The task:
For the entries below, return the line holding "ハンバーガーくん Oversized T-Shirt" together with all lines after it, unchanged, and leave every picture out.

:: Records supplied ::

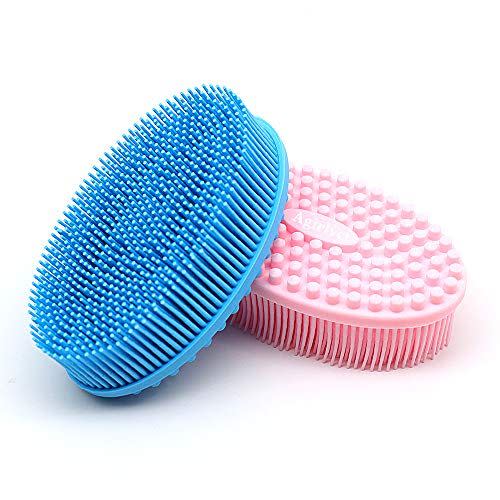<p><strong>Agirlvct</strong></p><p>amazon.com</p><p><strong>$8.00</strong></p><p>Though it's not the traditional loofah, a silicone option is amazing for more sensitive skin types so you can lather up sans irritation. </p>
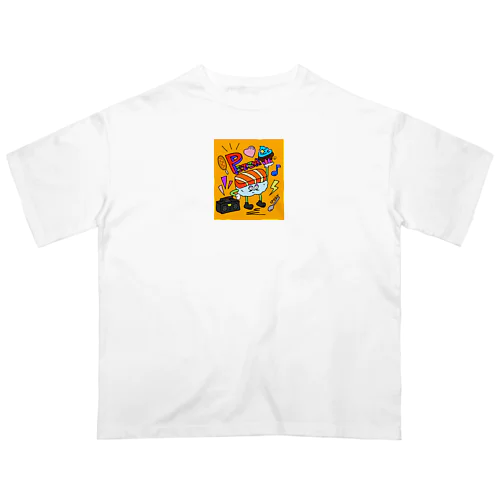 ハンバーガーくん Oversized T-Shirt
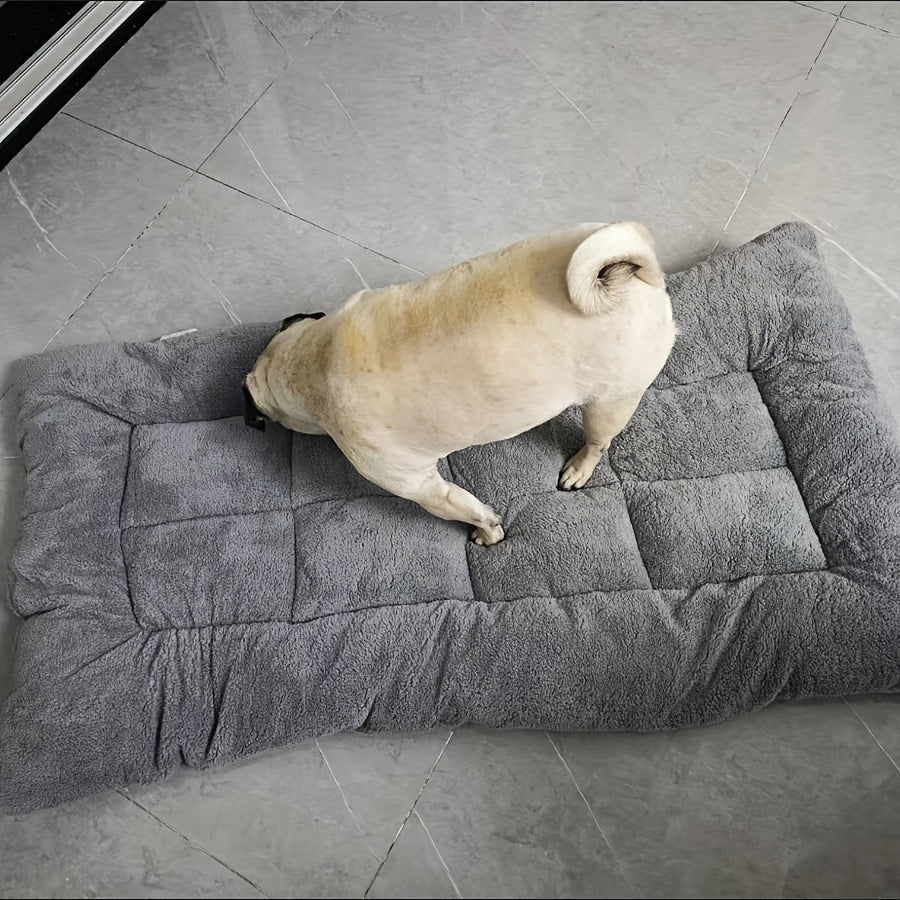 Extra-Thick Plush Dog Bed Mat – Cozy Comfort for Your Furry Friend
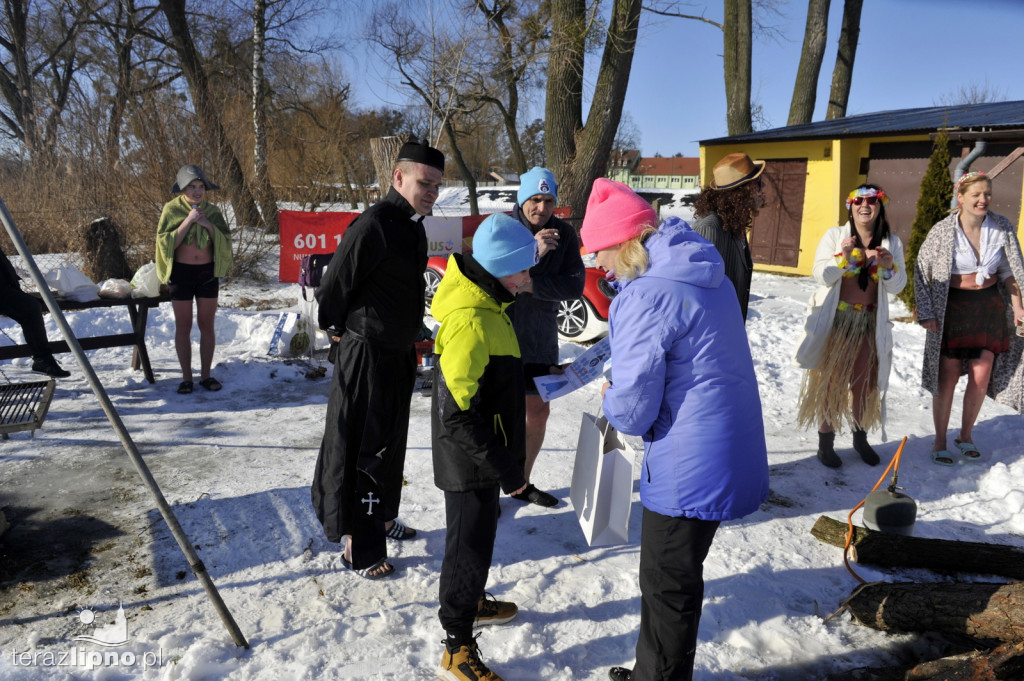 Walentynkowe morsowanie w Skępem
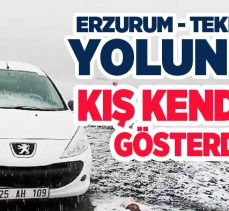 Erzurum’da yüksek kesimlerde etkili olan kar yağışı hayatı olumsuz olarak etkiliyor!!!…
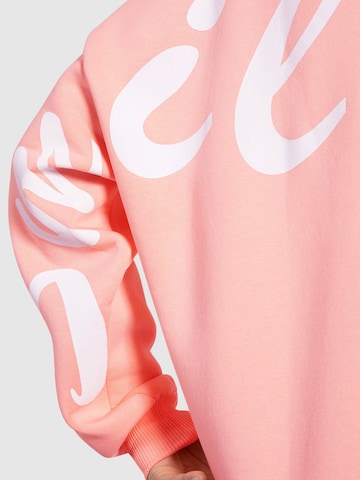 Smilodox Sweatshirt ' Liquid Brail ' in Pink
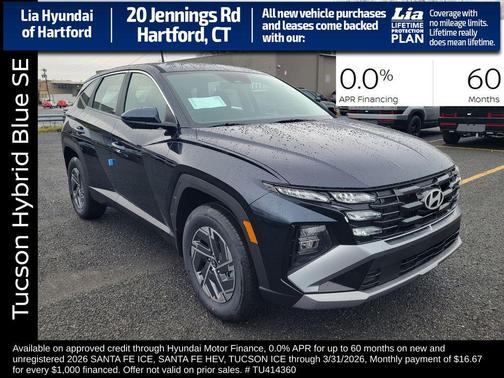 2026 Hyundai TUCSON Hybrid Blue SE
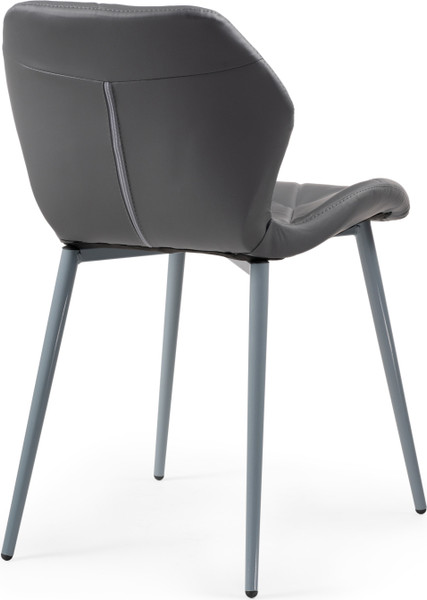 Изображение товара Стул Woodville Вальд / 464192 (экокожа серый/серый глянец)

:::

Exercise answer:
 ハンバーガーくん Oversized T-Shirt
 Extra-Thick Plush Dog Bed Mat – Cozy Comfort for Your Furry Friend
 Walentynkowe morsowanie w Skępem
 Erzurum’da yüksek kesimlerde etkili olan kar yağışı hayatı olumsuz olarak etkiliyor!!!…
 Smilodox Sweatshirt ' Liquid Brail ' in Pink
 2026 Hyundai TUCSON Hybrid Blue SE
 Изображение товара Стул Woodville Вальд / 464192 (экокожа серый/серый глянец)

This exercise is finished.